-- Opening Marker --

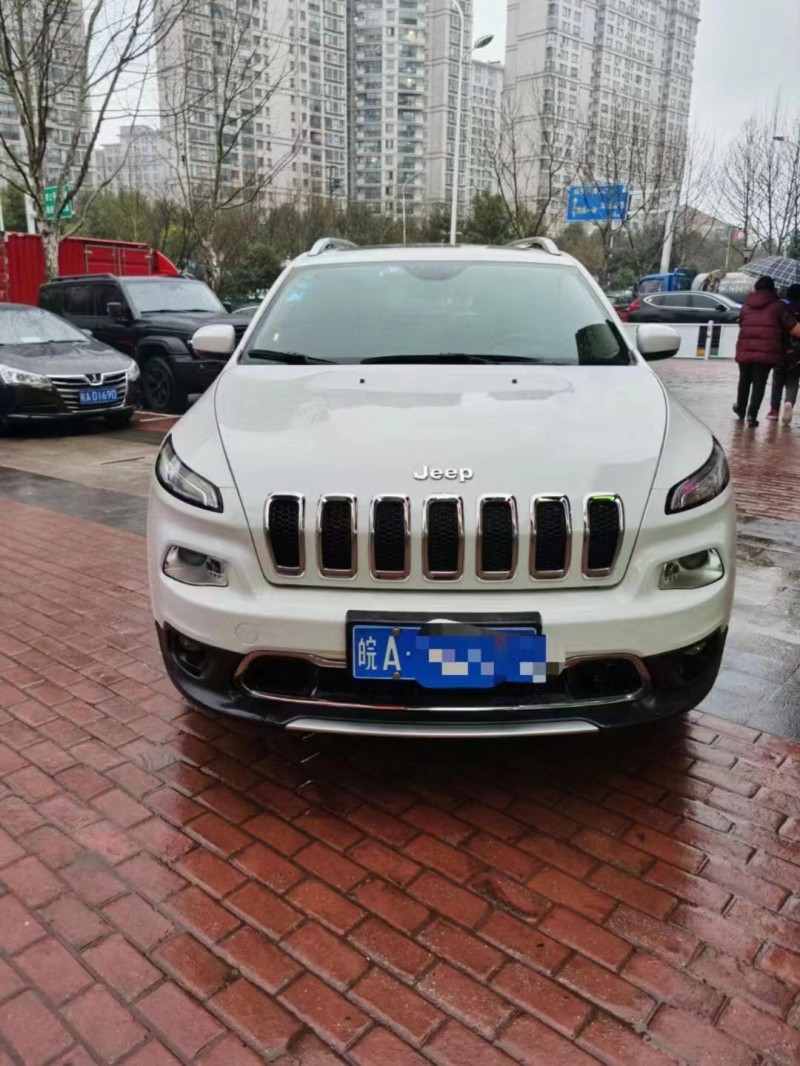 18年Jeep自由光SUV抵押车出售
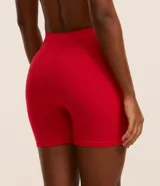 Conjunto de lencería rojo acanalado, compuesto por un corpiño triangular sin aro y un short tipo ciclista de tiro alto.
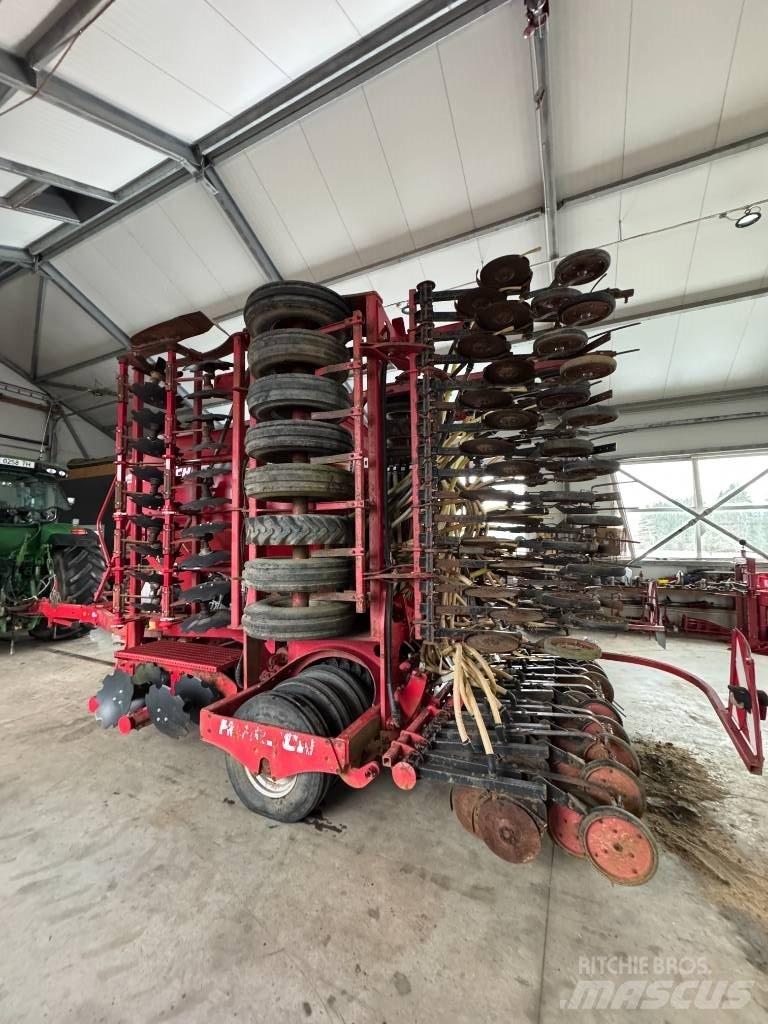 Horsch Pronto 8 DC Drillmaschinen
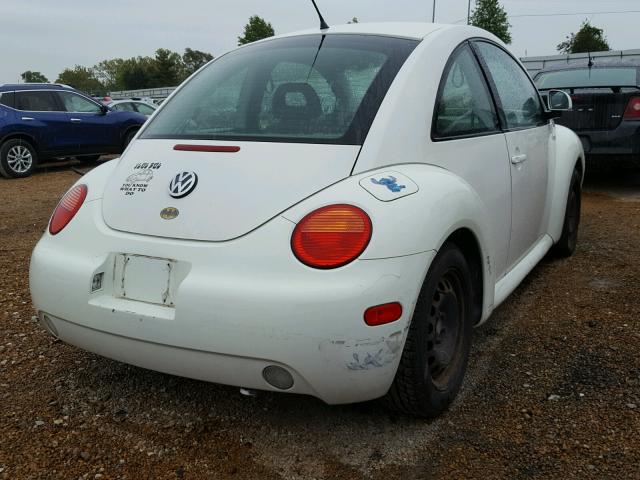 3VWCA21C5XM461679 - 1999 VOLKSWAGEN NEW BEETLE 白色 照片 4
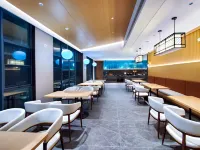 Tuke Global Hotel (Jiaozuo Headquarters New City Henan Polytechnic University South Campus)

-- Closing Marker --

### ACTIVITY:
Would you copy out every line of the data above exactly, minus the pictures?

### ANSWER BELOW:
 18年Jeep自由光SUV抵押车出售
 Conjunto de lencería rojo acanalado, compuesto por un corpiño triangular sin aro y un short tipo ciclista de tiro alto.
 Horsch Pronto 8 DC Drillmaschinen
 3VWCA21C5XM461679 - 1999 VOLKSWAGEN NEW BEETLE 白色 照片 4
 Tuke Global Hotel (Jiaozuo Headquarters New City Henan Polytechnic University South Campus)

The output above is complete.